It has already been a year since the federal government published the law of November 25, 2021 on the "Fiscal and Social Greening of Mobility. In this article, we once again explain the most important changes, so that you immediately know what to take into account when choosing a new company car.
The current tax game rules for company cars
Before discussing the tax rules for company cars, it is important to clarify what is meant by company cars. The term "company cars" includes passenger cars, dual use cars and minibuses, including "false" light trucks (light trucks that do not meet the tax definition of light trucks). Today, the deduction rate for a commercial vehicle is determined using the formula below where the CO2-emissions and the engine type of the car has the greatest impact on the outcome of the formula:
120% - (0.5% x fuel coefficient* x number of grams of CO₂/km)
- Diesel: 1.00
- Gasoline / gasoline hybrid / diesel hybrid: 0.95
- Natural gas: 0.90
The higher the car's emissions, the lower the tax deduction percentage. However, the deduction percentage can never be lower than 40% and never higher than 100%.
The bulk of gasoline and diesel cars today have a tax deduction rate between 50% and 65%. The costs associated with electric cars are fully deductible for the simple reason that these cars have no emissions and thus the formula results in a deductible of 100%.

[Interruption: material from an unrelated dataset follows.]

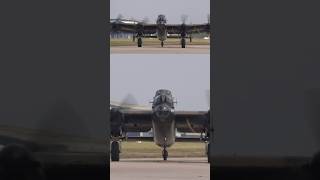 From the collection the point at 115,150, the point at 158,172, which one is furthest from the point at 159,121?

Hybrid cars that combine a fuel engine with an electric motor are also almost always 100% deductible. However, this only applies to hybrid cars that have a battery with an energy capacity of at least 0.5 kWh per 100 kilograms of car weight and no more than 50 grams of CO2 emissions per kilometer. Cars that do not meet these conditions are also called "false hybrids.
These "fake hybrids" are tax-equivalent to fuel-only cars, resulting in lower deductibles.

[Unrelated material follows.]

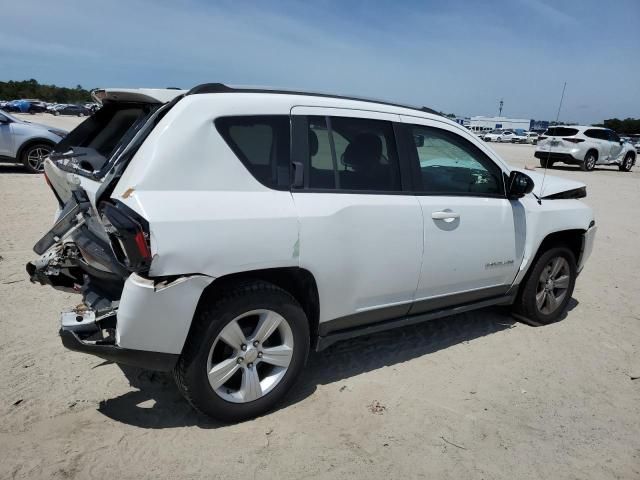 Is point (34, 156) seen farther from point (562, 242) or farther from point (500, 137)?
point (500, 137)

Decline in tax deductibility starting in 2023
The greening of car taxation will take effect in stages over the next few years. The first change relates to the deductibility of fuel costs for hybrid cars, and will take effect on Jan. 1, 2023.
Cars with only an internal combustion engine
For cars that only have a combustion engine and are ordered from 01/07/2023, the tax deduction percentage is systematically reduced to zero during the car's useful life. This reduction of the tax deductibility will take effect from fiscal year 2026 (fiscal year started on 01/01/2025 at the earliest).
The maximum deduction rate for these cars is phased out as follows:
- AJ 2026: 75%;
- AJ 2027: 50%;
- AJ 2028: 25%;
- AJ 2029: 0%.
Cars ordered before 01/01/2023
For "real" hybrid cars for which the order form or rental/lease contract is signed before 01/01/2023, the deductibility of all car expenses (including fuel) is calculated based on the formula already mentioned. This means that for these cars fuel costs (fossil fuels & electricity) are also deductible up to a maximum of 100%. This deduction arrangement is maintained throughout the car's useful life.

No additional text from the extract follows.